As you can probably guess, we’re doing the ice age and paleo-humans right now in homeschool, and it has taken strongly.  Thus we hear Isaiah shriek at his brother, who has done something to irritate him “You aren’t even a Cro-magnon or a Neanderthal, you are just a monkey, Simon!”   There is no official award for best insult by a five year old at our house, but that one is going up there.

This is not what we are actually supposed to be doing.  The Plan (which I had to file with my school district earlier this year) calls for us to have long since put away our spears and mammoth skulls and moved firmly on to ancient Egypt and the African Empires.  My assumption was that two weeks would suffice on early humans and then we could go on to the excitement of pulling dead people’s brains out through their noses – ah the pleasures of Egypt and its Mummies.  But the kids don’t want to do mummies, they want to be ice age hunters, and well, I’m prepared to explain to my district and the state of New York why ran out of steam at the fall of Rome, instead of making it through the Vikings and Meso-America.

We’re also spending an awful lot of time on languages this year, since this is Simon’s present obsession.  My kid taught himself to read Russian, Greek and Hindi – seriously, I am not joking about this.  And he just got workbooks for his birthday for Chinese and Arabic.  We are teaching Spanish and Hebrew, along with English, and Eric speaks Russian and a little Hindi and once upon a time I studied Greek – but  neither of us had planned on getting little messages from our son written in Arabic.  But we are, and we figure we might as well enjoy it.

This is one of the indisputable rules of homeschooling, or at least homeschooling as we do it – that you will not necessarily end up doing things in a linear way, or what you expected.  I’m sure there are parents out there who run a tight ship, but we are not among them.  My feeling is that there is a time and place for tight ships, but it probably isn’t when you are seven – at least in this respect.  It doesn’t seem to matter much to me whether my kids meet the Barbarian Hordes at the fall of Rome now or in a year or two.   

And meditating on this fact – that homeschooling really never seems to work out just the way you think it will, made me think about what the other rules of homeschooling are.  So here I inscribe them, so that other parents taking on this project will be warned that homeschooling is a lot of fun – but it isn’t always perfect. 

Rule #1 – Homeschooling doesn’t always end up as you planned.  Whether you start out with the intention of doing all of first grade math in a month or with the intention of totally unschooling, sometimes your expectations aren’t realistic.  And often, one’s kids take us places we hadn’t expected to go.  My feeling is that for the most part, and absent any major imperative, the best thing to do is go with the flow, at least until it drives you crazy. 

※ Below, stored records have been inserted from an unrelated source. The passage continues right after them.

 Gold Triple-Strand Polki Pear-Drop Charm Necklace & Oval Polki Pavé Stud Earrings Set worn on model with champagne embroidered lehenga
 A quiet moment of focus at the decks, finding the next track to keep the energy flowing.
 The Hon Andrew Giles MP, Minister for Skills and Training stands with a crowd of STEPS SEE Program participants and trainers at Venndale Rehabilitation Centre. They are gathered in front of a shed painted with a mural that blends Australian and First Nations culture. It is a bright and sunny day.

Rule #2  – Everyone will worry that your children are not being adequately socialized.  Whether they know you or not, they will fear deeply for your child’s future ability to get along in the world, without going to school.  You, on the other hand, will often consider your children wildly oversocialized, say, on the day when you have homeschool group, playdate and a museum visit all at once.  And when your 8 year old comes home loudly singing the lyrics of a song about a boy who could belch the alphabet, you may seriously consider the virtue of raising children in isolated caves.  Maybe even isolated from you.

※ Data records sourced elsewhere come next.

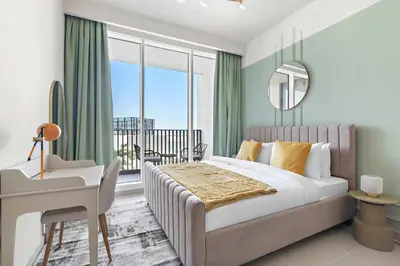 a bedroom with a bed and a desk and a window at Silkhaus brand new 1BDR in Creek Harbour in Dubai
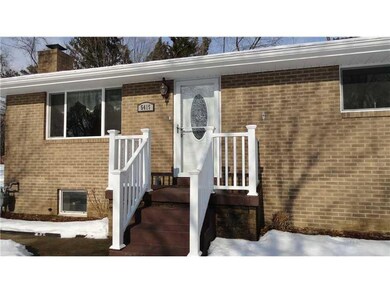 Exterior Front. Leaded glass front door, snow is h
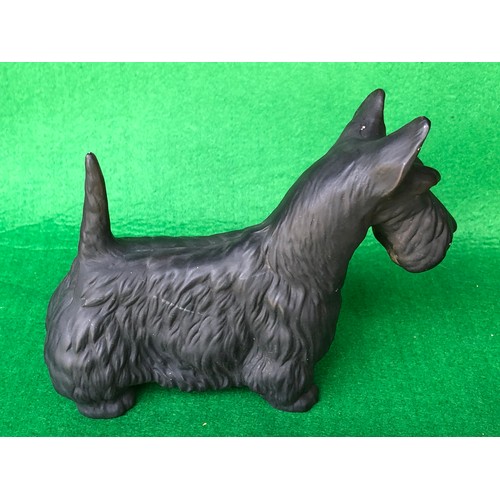 572 - Ceramic dog figurine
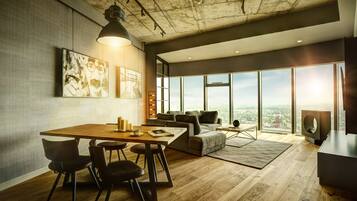 A modern living room with a wooden dining table, chairs, a sofa, and a large window offering a city view.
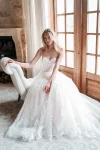 A sense of elegance surrounds a woman wearing the A1252 by Allure, a stunning white dress.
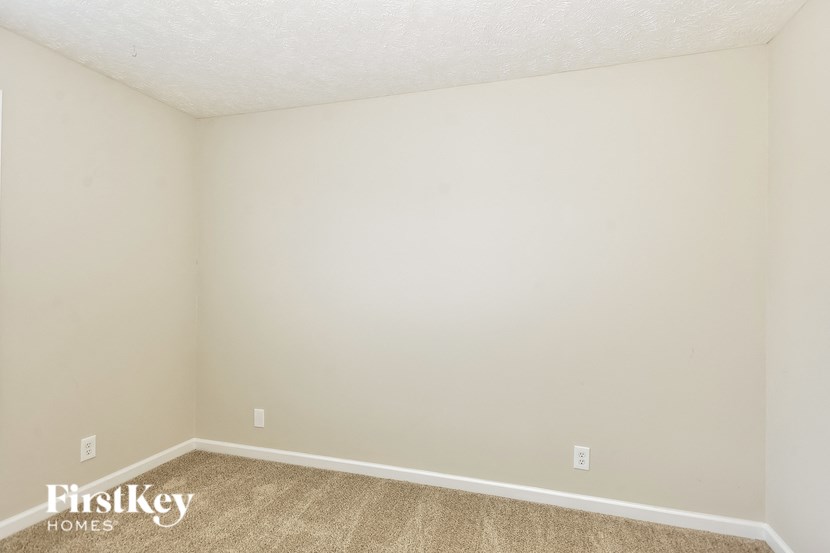 the living room of an empty house with white walls and carpet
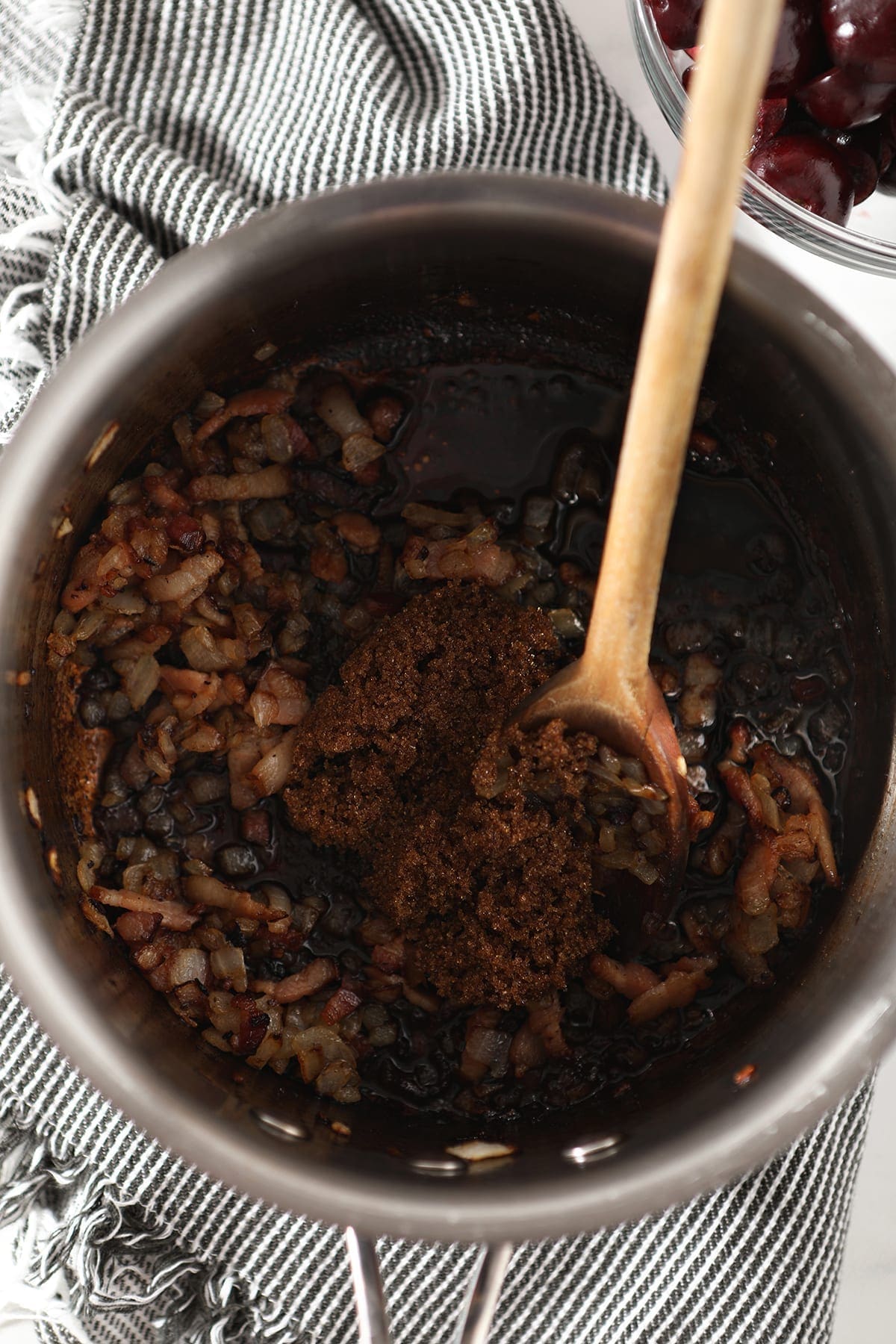 Ingredients for the Bacon Cherry Compote inside a silver saucepan with a wooden spoon before stirring brown sugar in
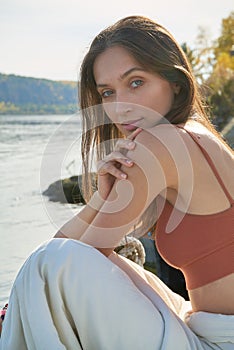 A young attractive woman of model appearance rests under a blanket on a pier. long hair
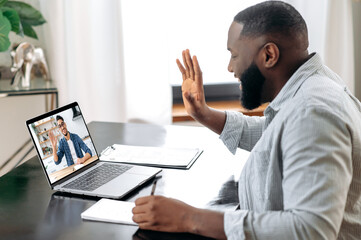 Online video meeting. African American young successful man talking on video conference with his colleague, friend or mentor while sitting at the desk in the office, talking about strategy,takes notes - obrazy, fototapety, plakaty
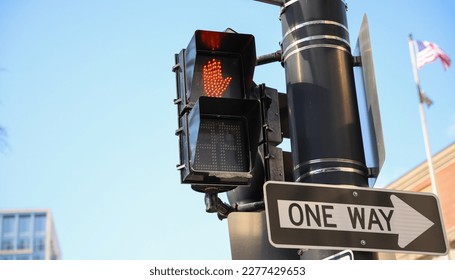 street traffic light during rush hour at crosswalk red and yellow at intersection for pedestrian safety depicting a control  warning and caution in urban street with signaling danger - Powered by Shutterstock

Rule #3 – Homeschooled children reflect the general population.  That means that despite the fact that every kid in your homeschool group seems to be doing calculus at 7 and playing Chopin at 4, the reality is that some homeschooled kids will be struggling to read at 7 or 8 – and some of them will be the Chopin and Calculus kids.  Homeschooling does bring out the overcompensation in some parents – they want to say that not only are their kids getting a good education, but an extra-special-perfect one.  Ok, whatever.  The reality is that some kids will be like that, and some won’t, just like everywhere else in the real world.  Don’t let the woman whose daughter just built a 1/5 scale replica of a gothic cathedral, complete with gargoyles and flying buttresses out of toothpicks get to you – although feel free to make puking noises when she’s out of hearing.

Rule #4 - You may not have time or desire to homeschool, but I’m pretty sure you can handle fourth grade social studies if you want to bad enough.  I don’t know how often someone comes to me and says “I wouldn’t know how to teach my kid all the things he needs to know” or “I’m not educated enough to homeschool.”  And I’m sitting there thinking – are you really sure that you couldn’t maybe look up Niels Bohr, the Louisiana Purchase or subject-verb-predicate?  Because while there are plenty of American not literate enough, good enough English speakers or otherwise seriously challenged, most of them aren’t the ones saying this.  If you passed all your grades you can homeschool without an enormous amount of new learning.  It isn’t that hard.  

Things get tougher in high school, and you have to be prepared to learn stuff you’ve forgotten or sucked at on your own, but you can do it, or find other people to teach your kids trig.  There’s nothing wrong with not wanting to homeschool, or not having the time or being limited by unfamilarity with a language. But if you really wanted to, most people could definitely teach someone the multiplication tables. 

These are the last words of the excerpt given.